In an age of identity politics and increasing loneliness, New York needs as many Dante Rosses as it can get.
But “Son of the City” suggests that something more benign was also at work in New York during those formative years. What the city brought to the table was not just crime and disorder (and the cheap rents that typically go along with them) — it was a capacity for admixture and an openness to serendipity. The clubs, record shops and basketball courts that Ross frequented in the 1980s provided multiple opportunities for real-life cultural cross-pollination, as kids from different backgrounds shared new slang, new dance moves and new ways of thinking about the world. Thriving cities are blessed with lots of this kind of connective tissue. (Perhaps this also helps explain why great cities so often make great music, and vice versa.)

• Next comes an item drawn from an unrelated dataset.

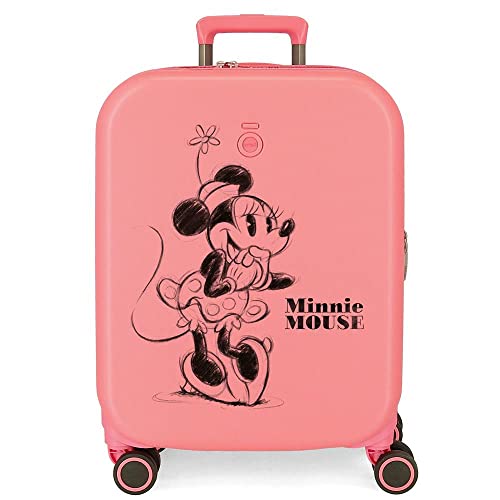 Disney Minnie Happiness Walizka kabinowa Różowy 40x55x20 cms Twarde ABS Zamknięcie TSA Wbudowany 37L 2,74 kg 4 koła Podwójne Bagaż ręczny, Różowy, Maleta de cabina, Walizka kabinowa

As a young man, Ross embodied the old E.B. White maxim: “No one should come to New York to live unless he is willing to be lucky.” Ross was plenty lucky. He was on the scene at a crucial juncture in the history of hip-hop: the moment when downtown (read: white) hipsters were introduced to a new musical genre that had been birthed uptown. This was one of the first steps on a path that ultimately led to global domination. Ross and his cohort of early adopters might have been dismissed as “cultural appropriators” if they came along these days. But back then, they played an important role in the development of rap, helping to disseminate and translate this new musical form for new audiences. Without them, who knows what the trajectory of rap would have been?
As he reveals throughout his memoir, Dante Ross is a flawed man — temperamental, ego-driven, quick to fall out with friends and foes alike. But he is also a boundary spanner who has proven capable of bridging cultural and neighborhood divides. In an age of identity politics and increasing loneliness, New York needs as many Dante Rosses as it can get.